- [RECORDED DATA]
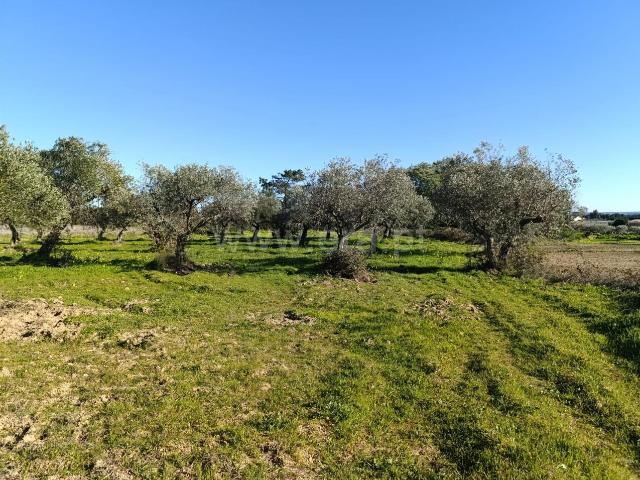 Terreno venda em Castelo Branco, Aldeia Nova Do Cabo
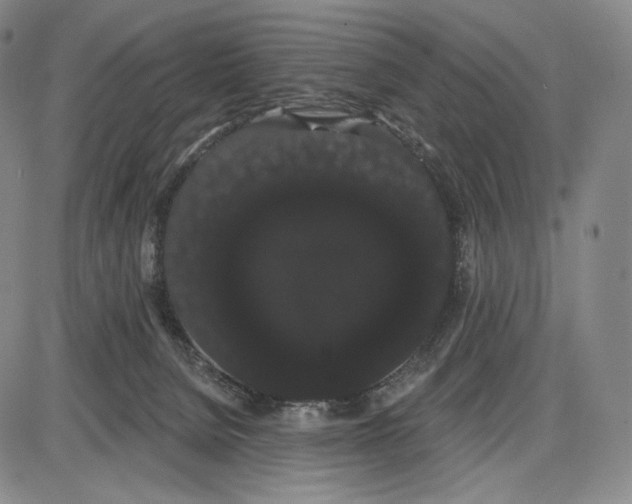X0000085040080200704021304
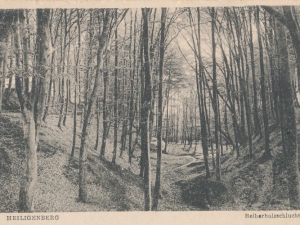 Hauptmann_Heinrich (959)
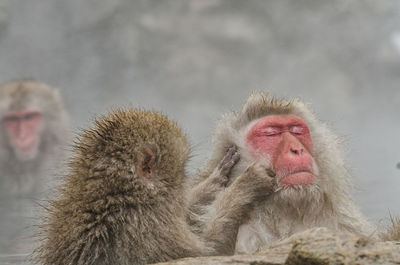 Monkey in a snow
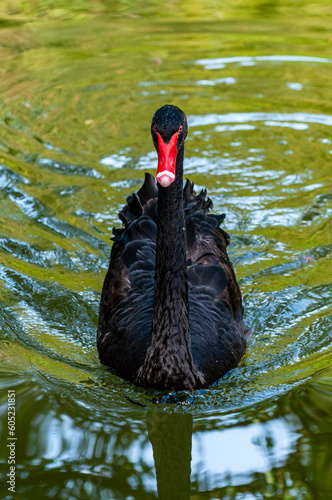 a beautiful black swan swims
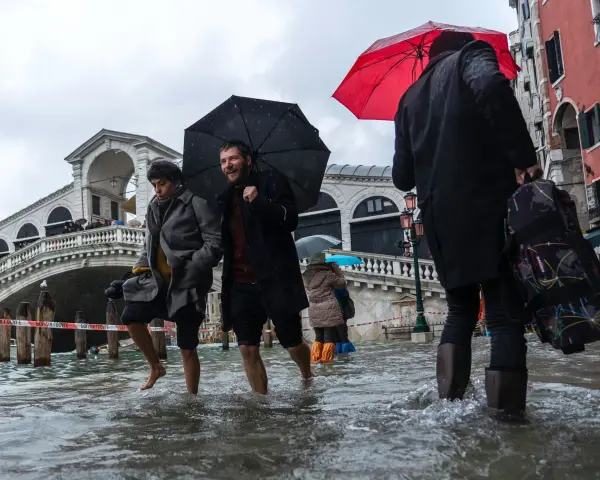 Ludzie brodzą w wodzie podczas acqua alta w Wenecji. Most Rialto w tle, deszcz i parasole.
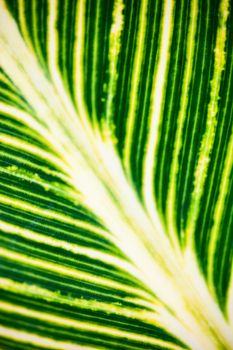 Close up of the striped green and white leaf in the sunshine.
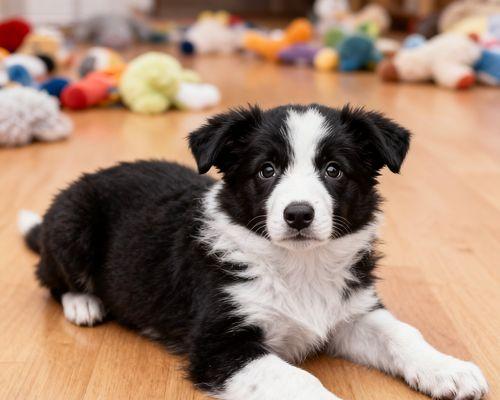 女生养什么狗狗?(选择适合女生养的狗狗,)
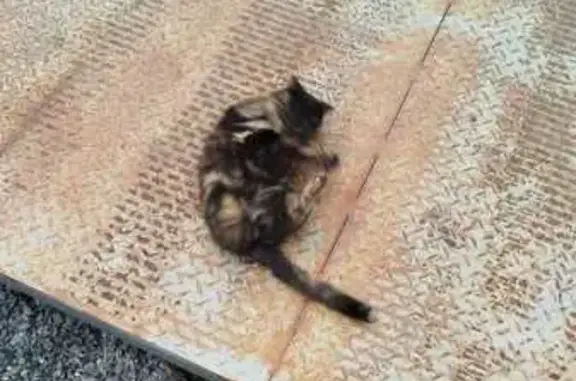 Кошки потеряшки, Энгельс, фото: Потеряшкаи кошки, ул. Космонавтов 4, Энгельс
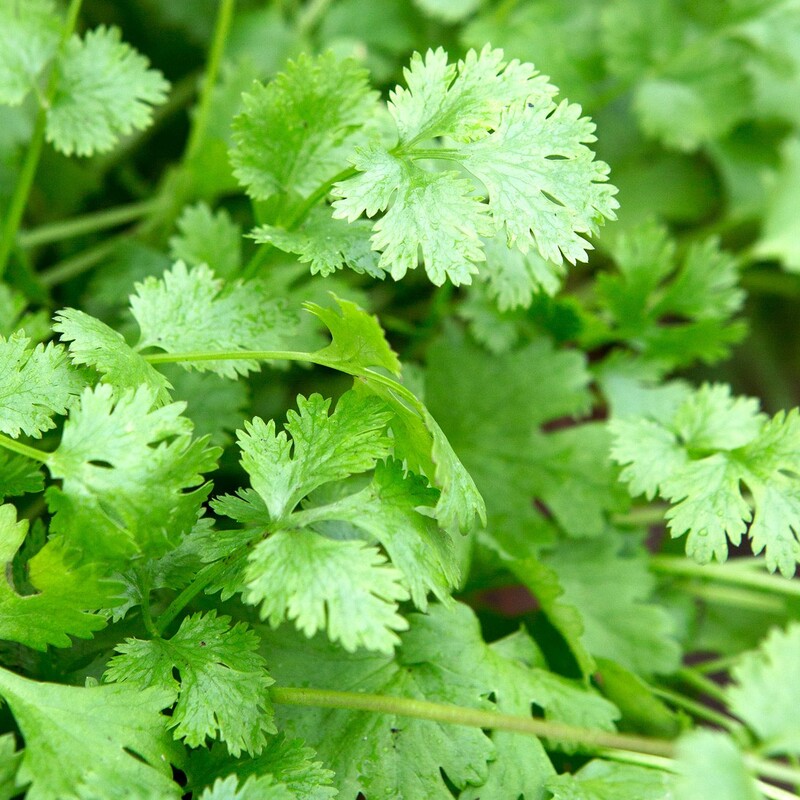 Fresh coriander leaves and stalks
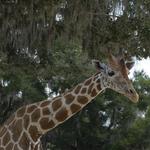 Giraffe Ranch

* * *

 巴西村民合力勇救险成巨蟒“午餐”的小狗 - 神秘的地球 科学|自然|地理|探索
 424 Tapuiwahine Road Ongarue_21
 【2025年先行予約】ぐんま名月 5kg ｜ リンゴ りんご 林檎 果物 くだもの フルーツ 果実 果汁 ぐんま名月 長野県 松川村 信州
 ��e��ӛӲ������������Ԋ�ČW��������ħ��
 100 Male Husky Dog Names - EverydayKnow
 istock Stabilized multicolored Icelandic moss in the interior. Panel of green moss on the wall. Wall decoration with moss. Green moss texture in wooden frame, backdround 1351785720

--

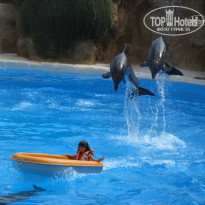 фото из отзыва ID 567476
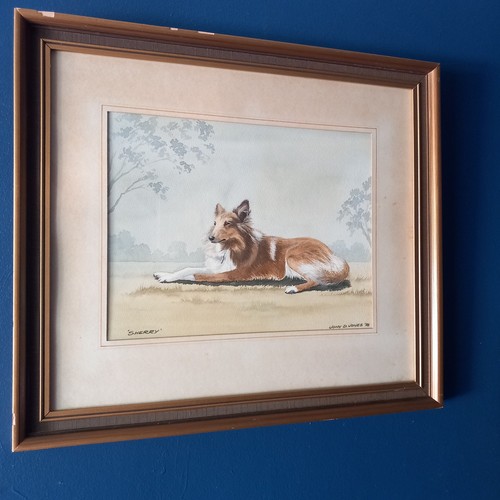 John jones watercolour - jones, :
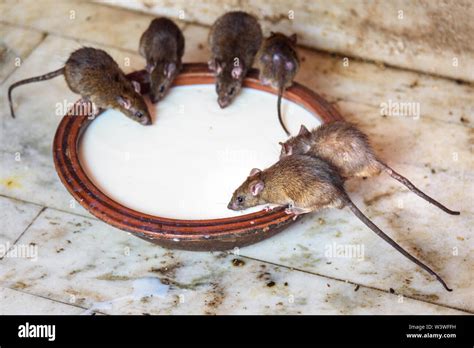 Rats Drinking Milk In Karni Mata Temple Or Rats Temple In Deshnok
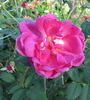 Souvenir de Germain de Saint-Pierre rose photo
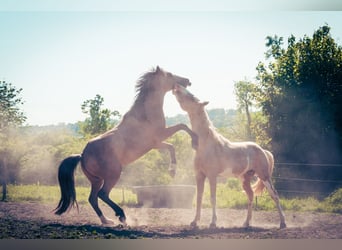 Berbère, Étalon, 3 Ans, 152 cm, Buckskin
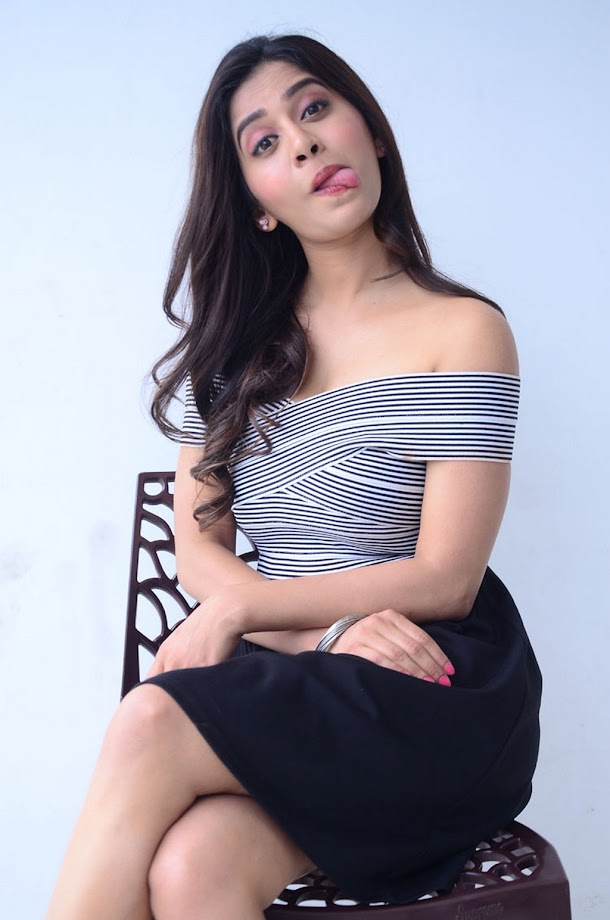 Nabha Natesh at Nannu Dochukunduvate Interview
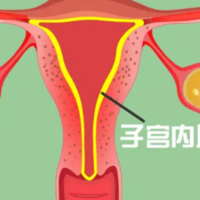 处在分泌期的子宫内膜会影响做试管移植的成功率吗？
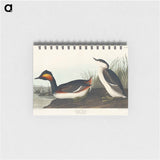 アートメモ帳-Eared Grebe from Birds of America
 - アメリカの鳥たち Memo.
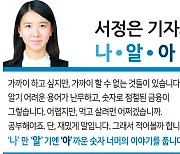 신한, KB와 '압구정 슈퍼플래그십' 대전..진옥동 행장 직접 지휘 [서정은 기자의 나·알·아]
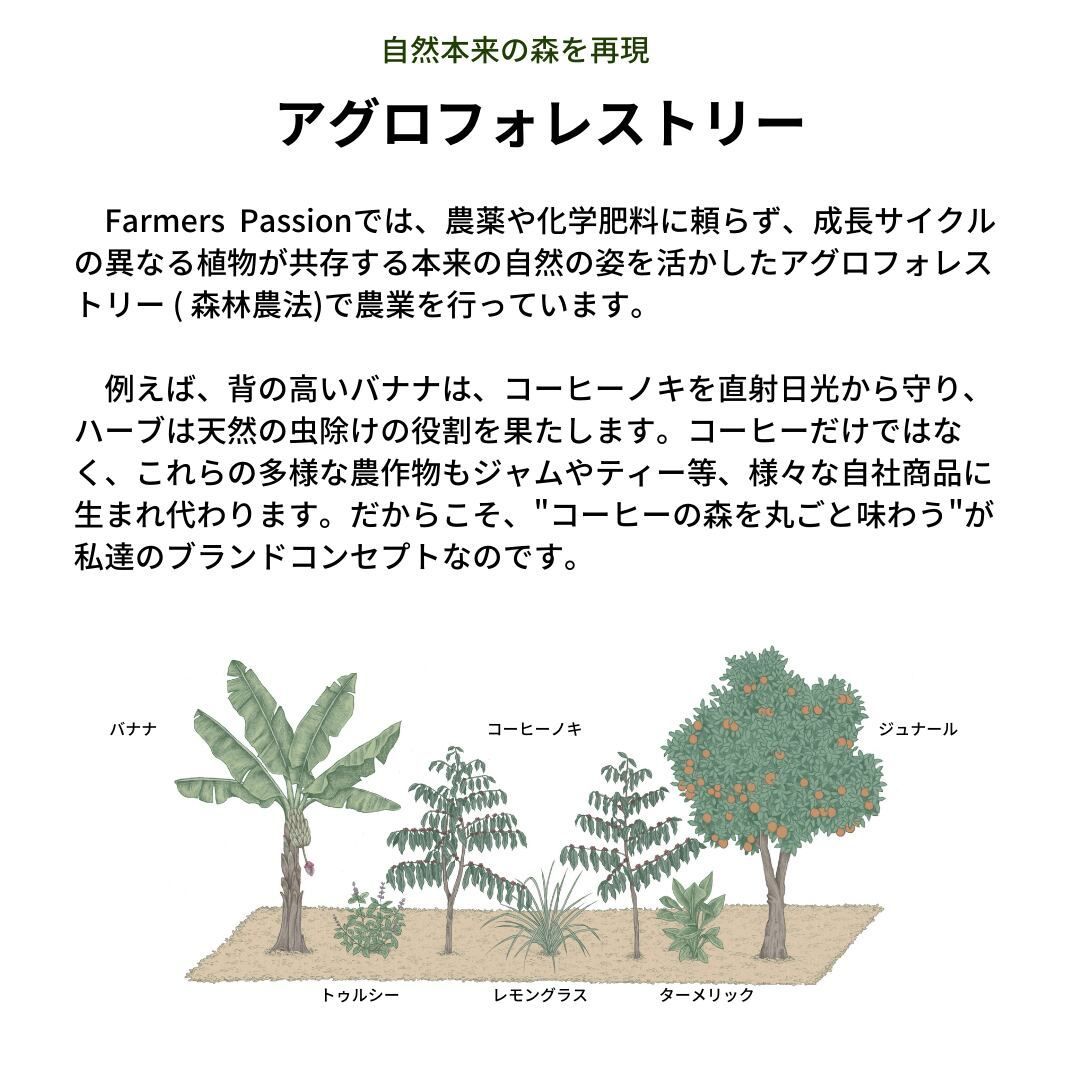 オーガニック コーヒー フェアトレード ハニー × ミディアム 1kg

- [ACTIVITY] From the line containing "X0000085040080200704021304" through the line containing "Giraffe Ranch", copy every line above exactly, without pictures.

- [SOLUTION TO THIS EXERCISE]
X0000085040080200704021304
 Hauptmann_Heinrich (959)
 Monkey in a snow
 a beautiful black swan swims
 Ludzie brodzą w wodzie podczas acqua alta w Wenecji. Most Rialto w tle, deszcz i parasole.
 Close up of the striped green and white leaf in the sunshine.
 女生养什么狗狗?(选择适合女生养的狗狗,)
 Кошки потеряшки, Энгельс, фото: Потеряшкаи кошки, ул. Космонавтов 4, Энгельс
 Fresh coriander leaves and stalks
 Giraffe Ranch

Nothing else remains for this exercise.